Caption-style text data
···
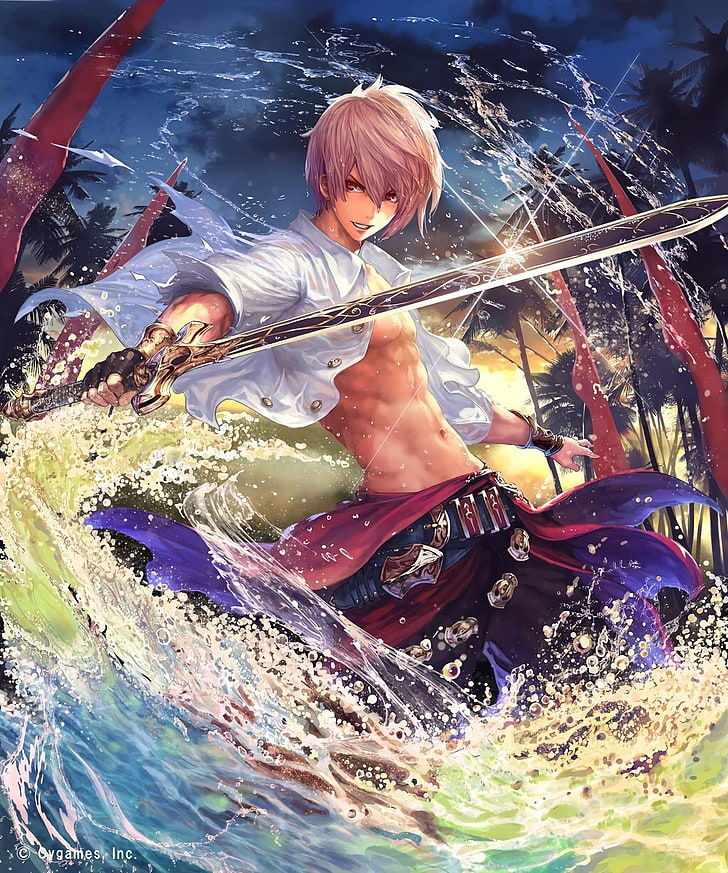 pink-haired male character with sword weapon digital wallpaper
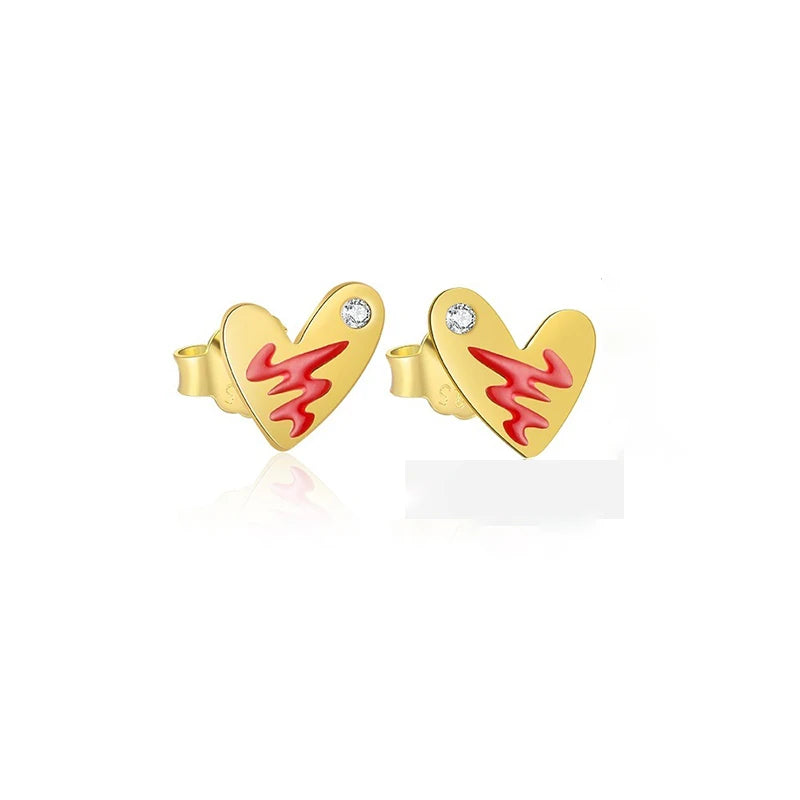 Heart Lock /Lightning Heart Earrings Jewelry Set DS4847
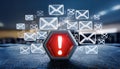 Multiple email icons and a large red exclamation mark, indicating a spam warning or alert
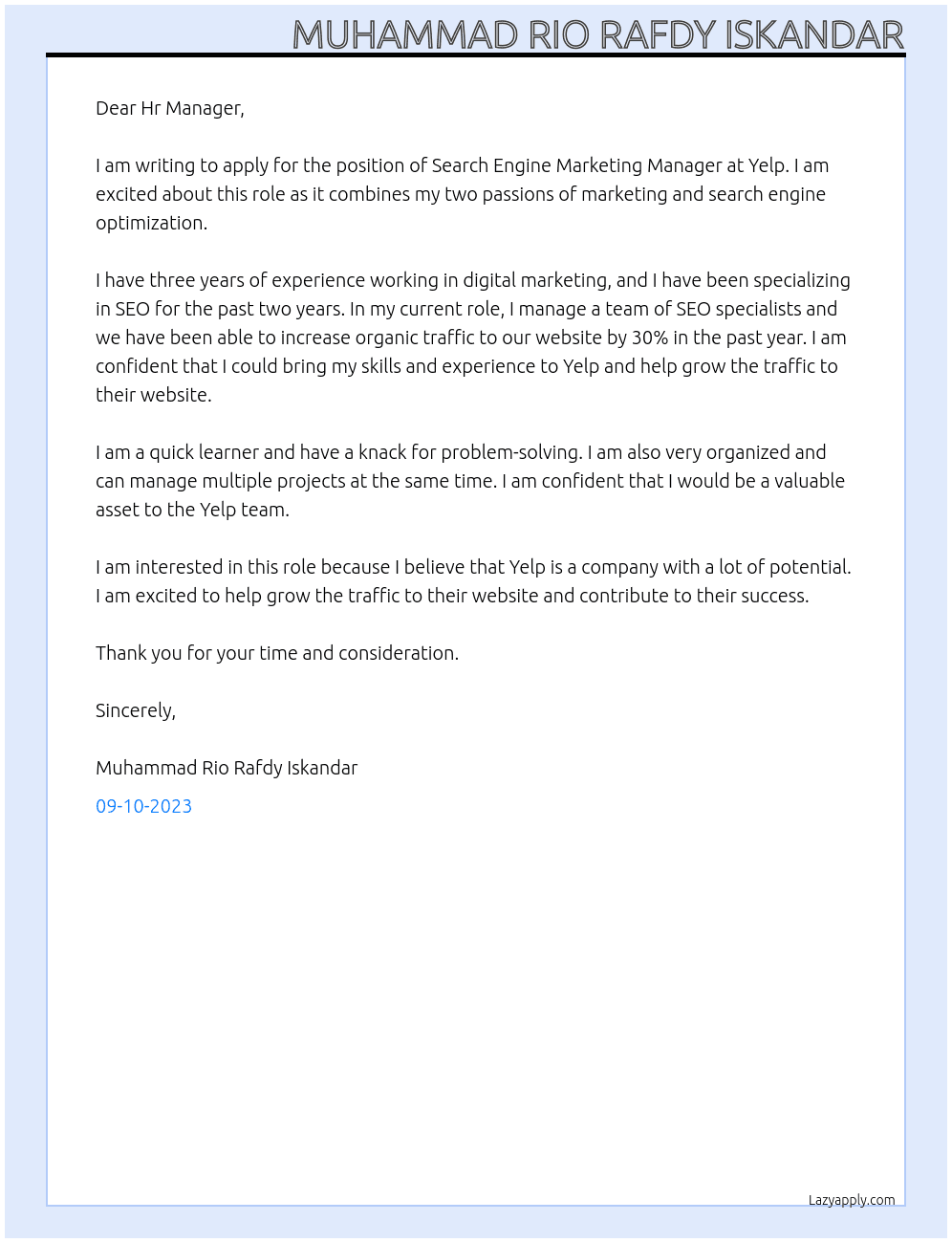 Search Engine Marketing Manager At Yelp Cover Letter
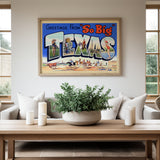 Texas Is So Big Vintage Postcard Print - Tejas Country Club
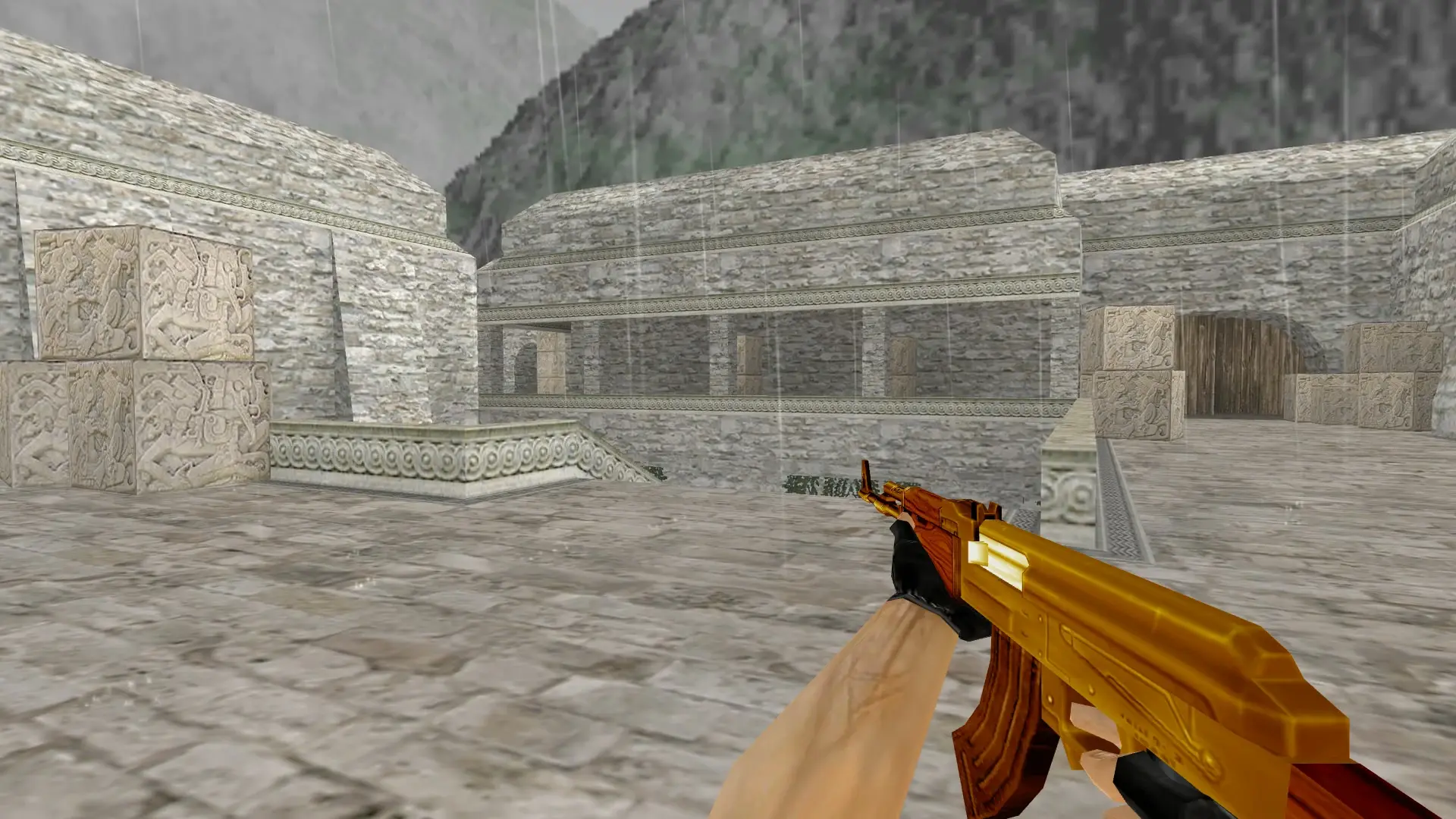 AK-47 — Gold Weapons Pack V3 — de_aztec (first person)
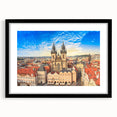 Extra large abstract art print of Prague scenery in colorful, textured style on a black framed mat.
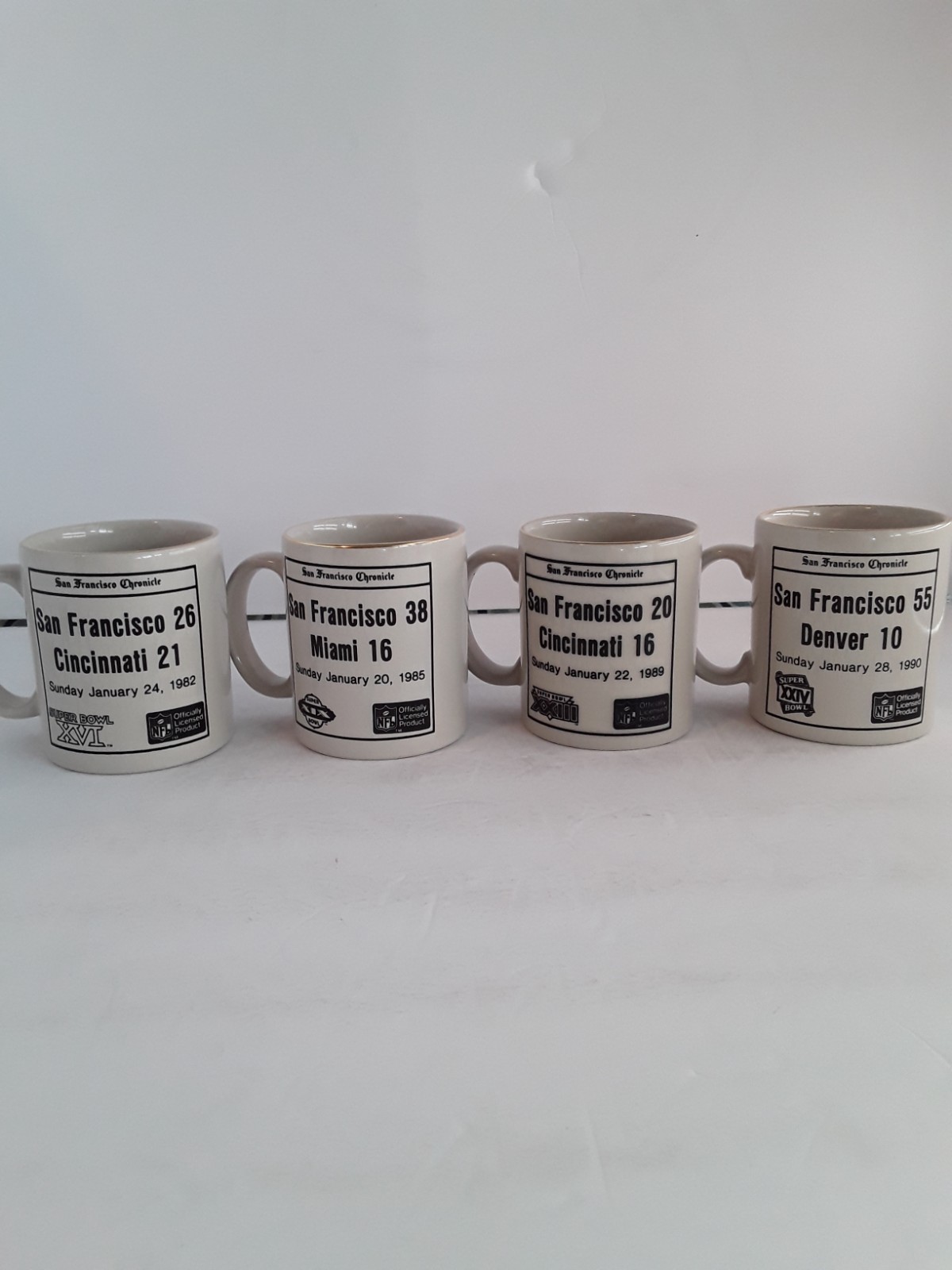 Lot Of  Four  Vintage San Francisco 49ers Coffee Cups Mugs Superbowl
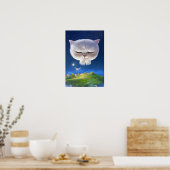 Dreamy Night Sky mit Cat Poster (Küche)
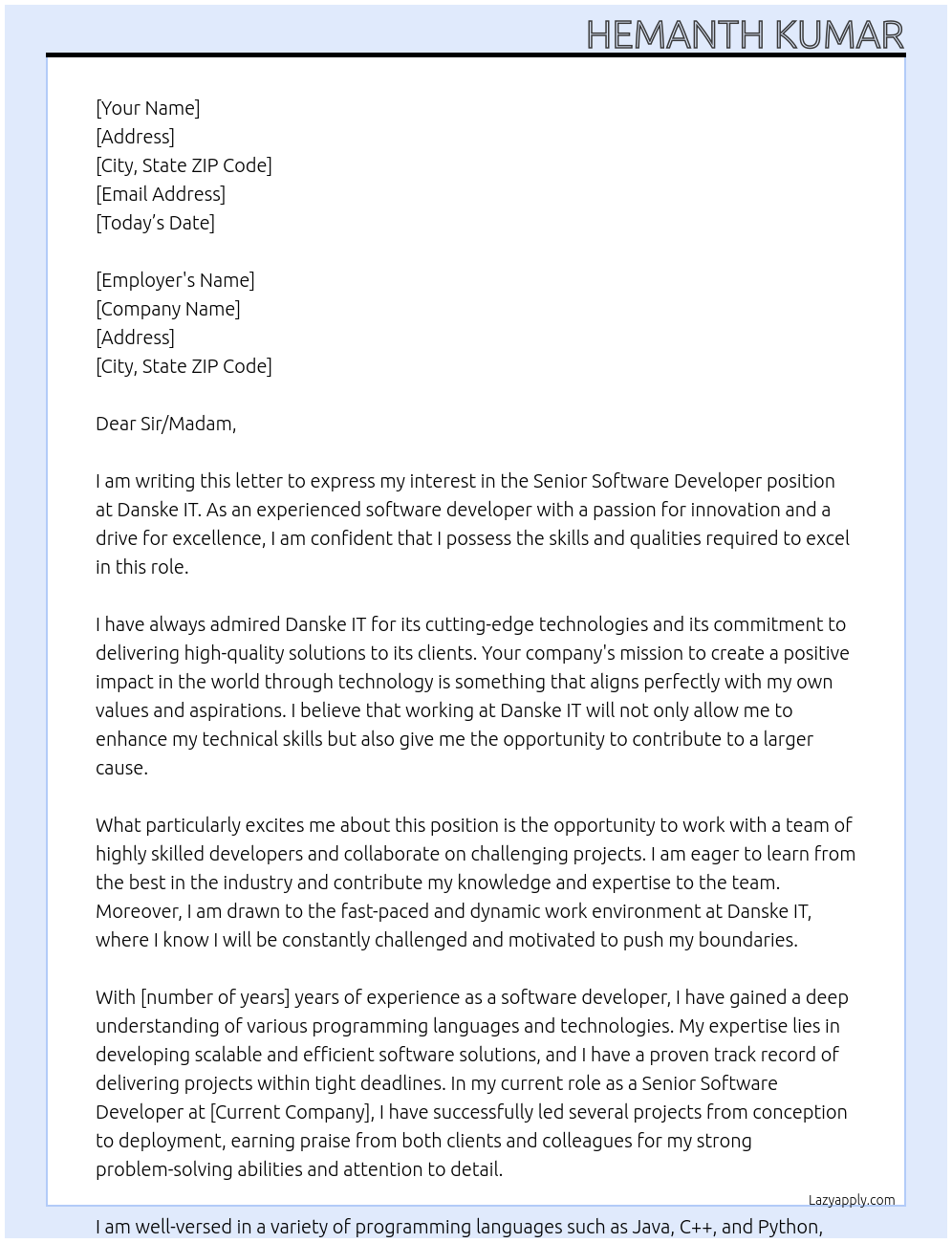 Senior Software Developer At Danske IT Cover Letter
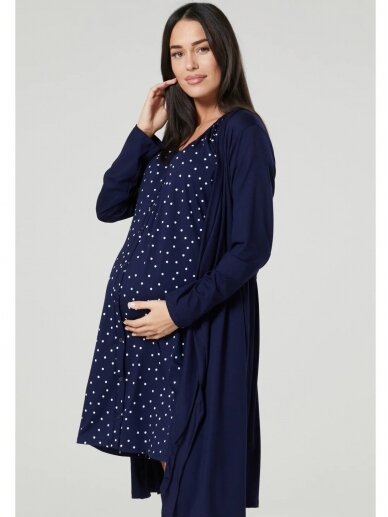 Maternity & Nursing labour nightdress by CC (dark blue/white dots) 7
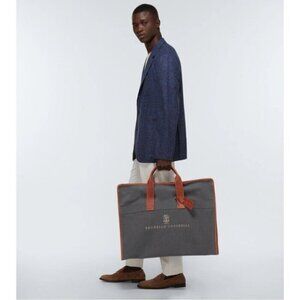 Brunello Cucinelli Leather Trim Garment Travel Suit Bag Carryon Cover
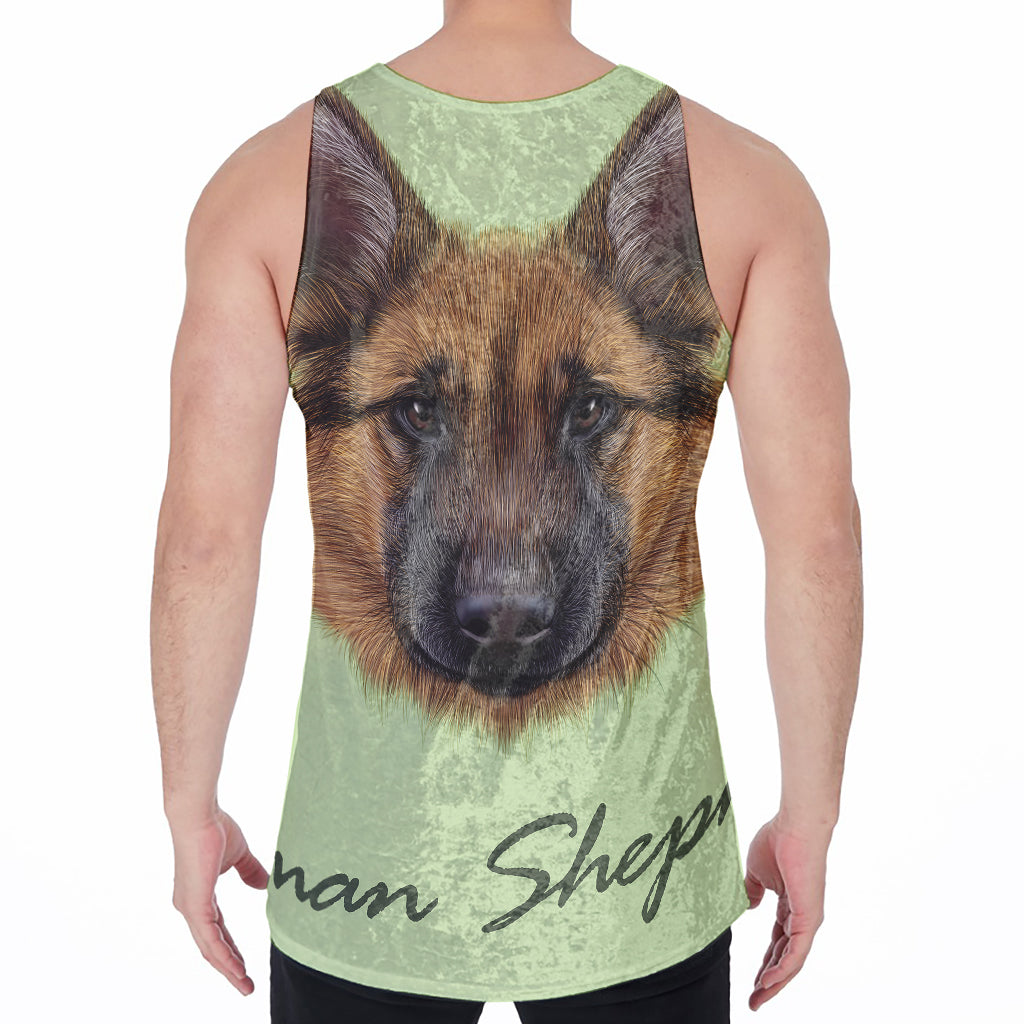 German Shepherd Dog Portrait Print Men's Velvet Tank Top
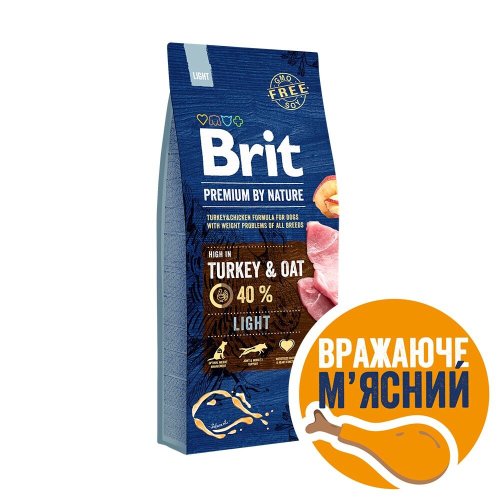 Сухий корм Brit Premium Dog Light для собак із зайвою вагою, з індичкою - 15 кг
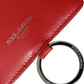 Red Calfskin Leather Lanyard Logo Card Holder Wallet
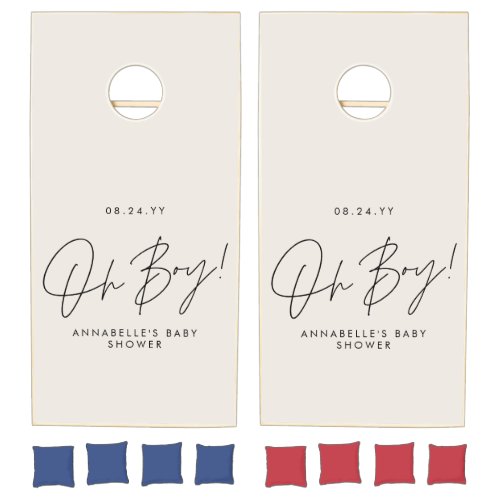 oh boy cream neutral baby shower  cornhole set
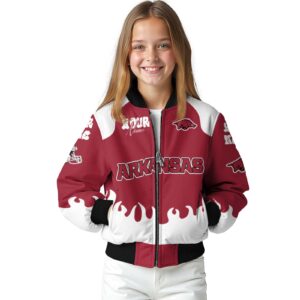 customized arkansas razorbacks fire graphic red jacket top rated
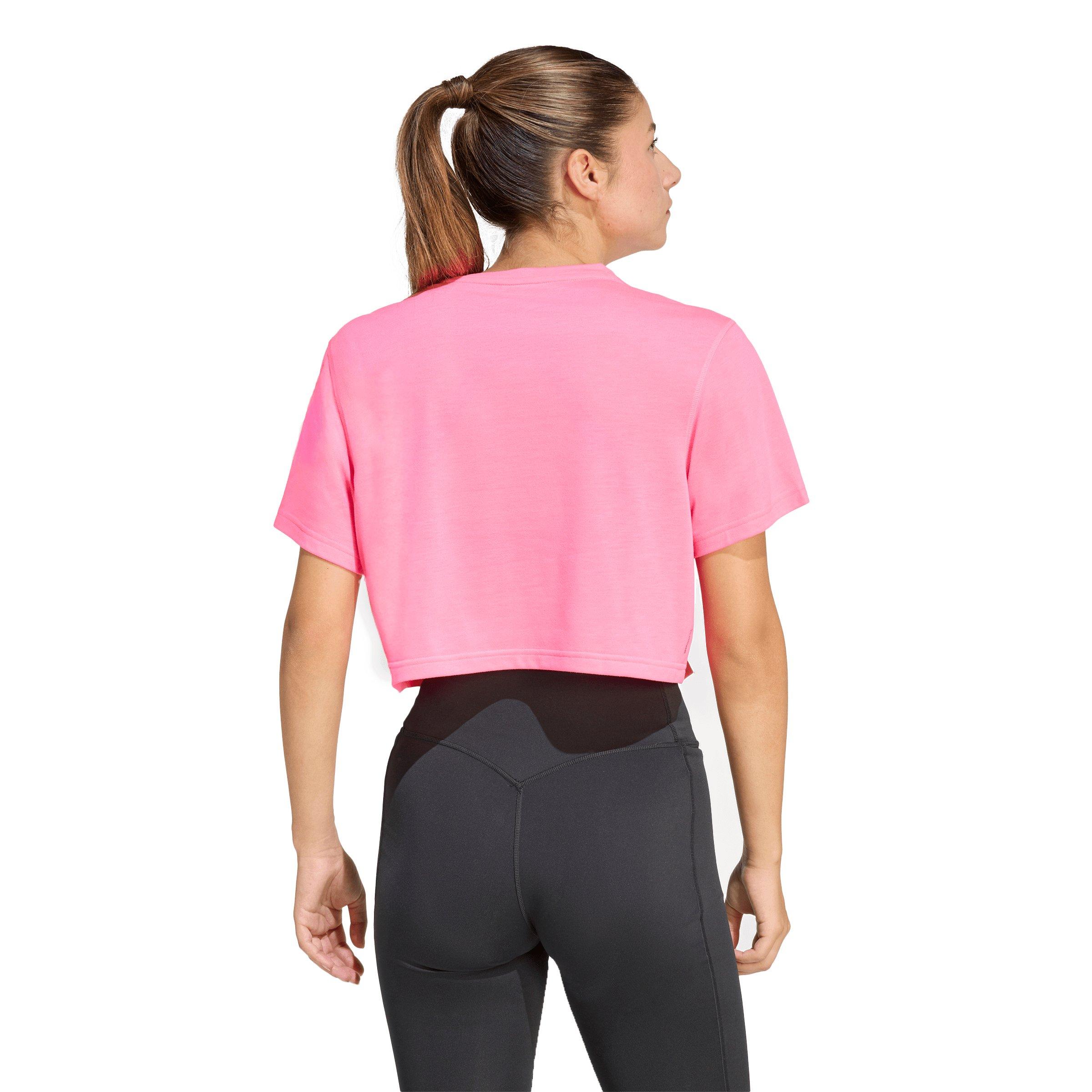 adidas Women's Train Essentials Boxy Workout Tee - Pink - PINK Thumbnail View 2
···
▶ [Task to complete]:
Taking the entries above, copy word for word the lines from the one with "Senior Software Developer" up to and including the one with "German Shepherd Dog", without any picture.

▶ [Answer to this exercise]:
 Senior Software Developer At Danske IT Cover Letter
 Maternity & Nursing labour nightdress by CC (dark blue/white dots) 7
 Brunello Cucinelli Leather Trim Garment Travel Suit Bag Carryon Cover
 German Shepherd Dog Portrait Print Men's Velvet Tank Top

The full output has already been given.